# Boat Graveyard, Fleetwood, Lancashire



## ganglion (Jul 29, 2012)

A few shots from an interesting boat graveyard visit we took 2 days ago in fleetwood, lancashire. Fairly easy to get to, not so easy to locate. Enjoy!



 




















hope you like!


----------



## freespirits (Jul 29, 2012)

yes i do like ,very much great shots very atmospheric ,,well done that chap/chapess and welcome to the site


----------



## ganglion (Jul 29, 2012)

aany ideas why i cant see my photos? erk...new to this


----------



## Dexter24 (Jul 29, 2012)

Nice images very well executed


----------



## ganglion (Jul 29, 2012)

hi,i placed these under misc. Any ideas why the pics are not visible? i guess the moderator has taken them off for some reason?


----------



## TK421 (Jul 29, 2012)

Mate, I DO LIKE these! Great composition and subject, excellent stuff chief!


----------



## krela (Jul 30, 2012)

ganglion said:


> hi,i placed these under misc. Any ideas why the pics are not visible? i guess the moderator has taken them off for some reason?

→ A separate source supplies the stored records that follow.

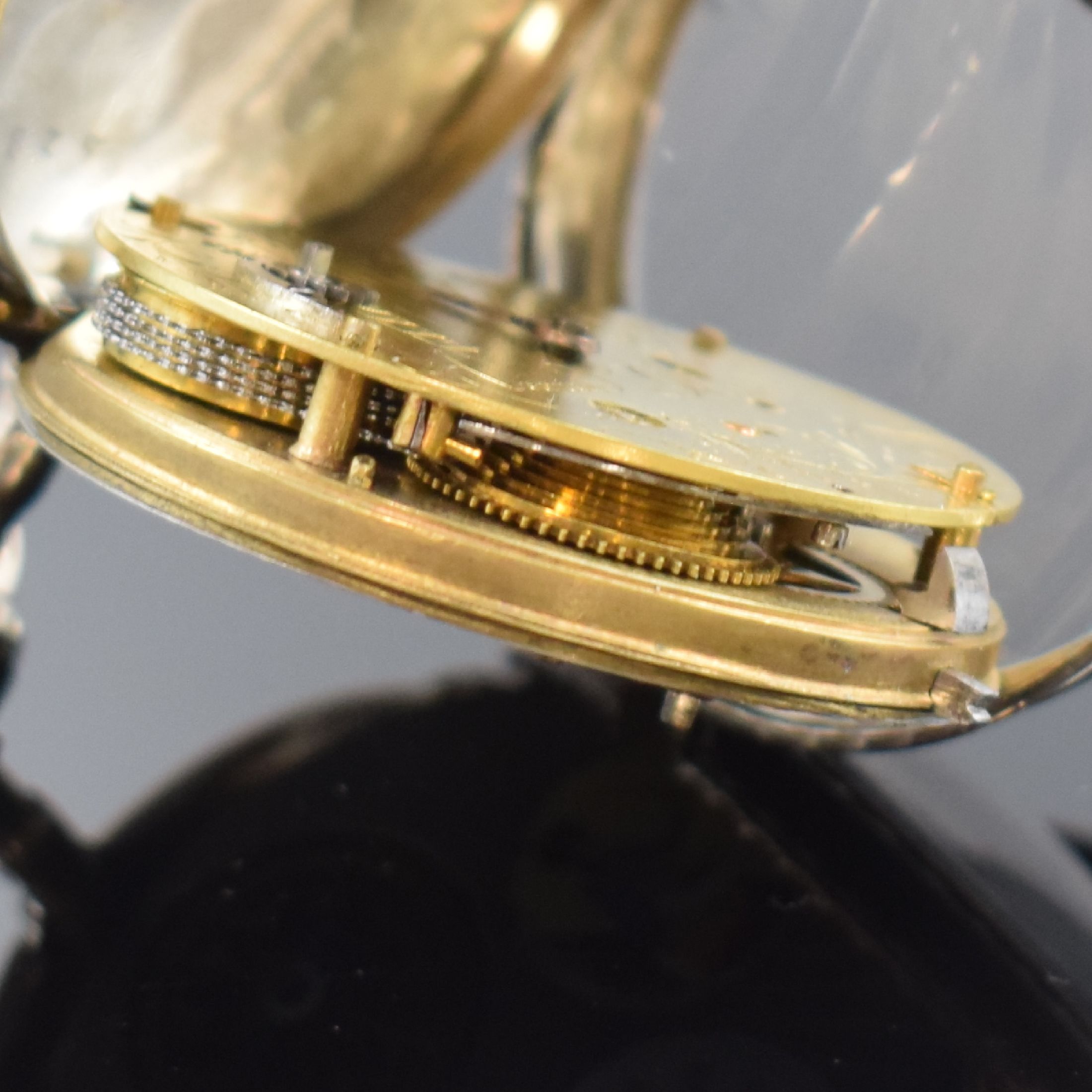 Detail g: Interessante Spindeltaschenuhr mit offener Unruh und Emailmalerei, Frankreich um 1820, Silbergehäuse, silb. guill. Zifferblatt m. Emailmalerei, ...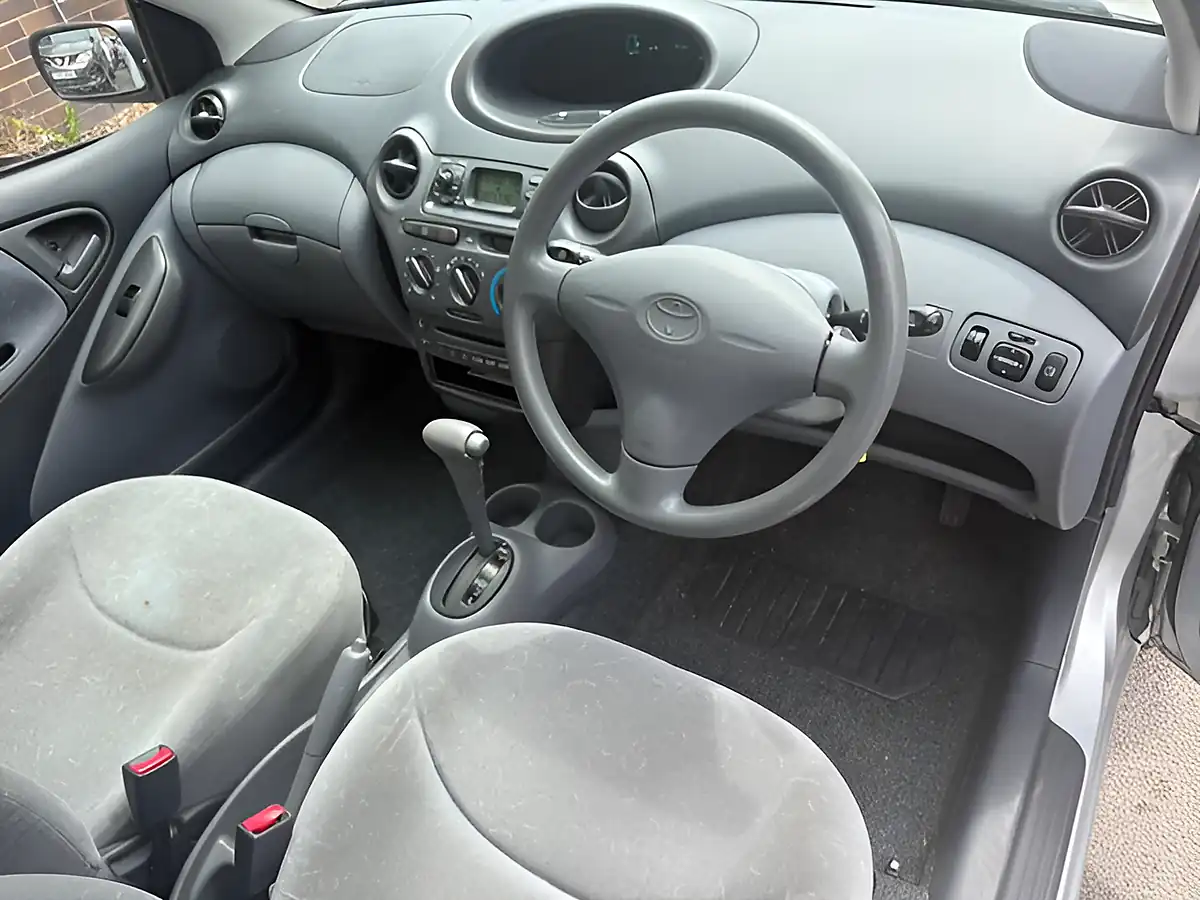 Used 2001 Toyota Yaris Cdx Silver - Interior and Exterior details 3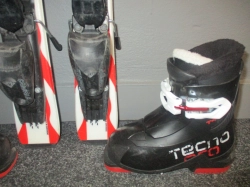 HEAD SUPERSHAPE TEAM 77cm + Lyžáky 18cm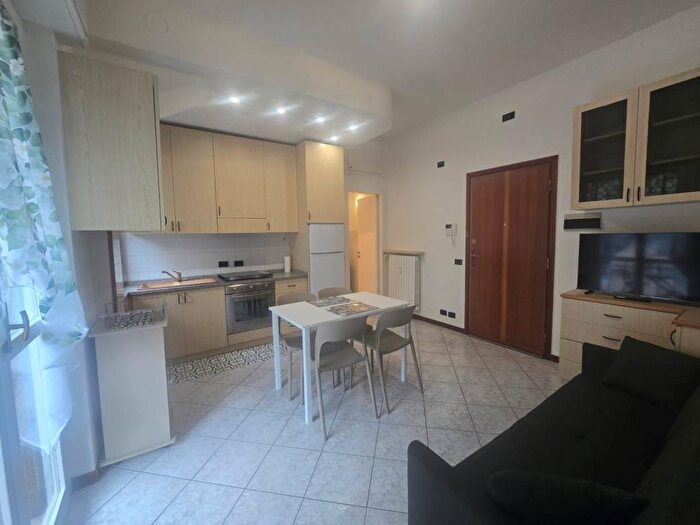 Appartamento bilocale in affitto in Via Alcide De Gasperi, Carugate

They are visible to us, I've got no idea why you can't see them!


----------



## alex76 (Jul 30, 2012)

Some really nice photography there mate


----------



## Silent Hill (Jul 30, 2012)

Great subject matter. Loads of potential here for the discerning snapper 

Nice images mate


----------



## night crawler (Jul 30, 2012)

Some great photo's very atmospheric.


----------



## flyboys90 (Jul 30, 2012)

Bet those hulks have some stories to tell,superb photos.


----------



## ganglion (Jul 30, 2012)

wow, still cant see them? how odd? Yeah, well worth a trek to see these, they are pretty damn immense.


----------



## SimonT (Jul 30, 2012)

Great photos - thanks for sharing. Might have to go and find these!


----------



## wherever i may roam (Jul 30, 2012)

Some ace shots there....


----------



## Sshhhh... (Jul 31, 2012)

Great pics, very nice


----------



## perjury saint (Jul 31, 2012)

*Crackin shots there...*


----------



## strider8173 (Aug 1, 2012)

not really a derelict place but still, its different and the photos are nicly done. now if there was an old submarine or cruise ship that would be cool...


----------



## Buffy1973 (Aug 2, 2012)

*Spooky*

Those are fab photos. I got a very eerie sensation looking through them. Very atmospheric, well done


----------



## maxmix (Aug 2, 2012)

Agreed with all the above, great pics, great composure etc!!


----------



## ganglion (Aug 4, 2012)

well worth a journey out to see these.


----------



## TeeJF (Aug 5, 2012)

Some of these are crying out to be "treated" and printed off on that faux oil painted canvas and framed.

Nice.


----------



## Ninja Kitten (Aug 5, 2012)

such beautiful pics there...


----------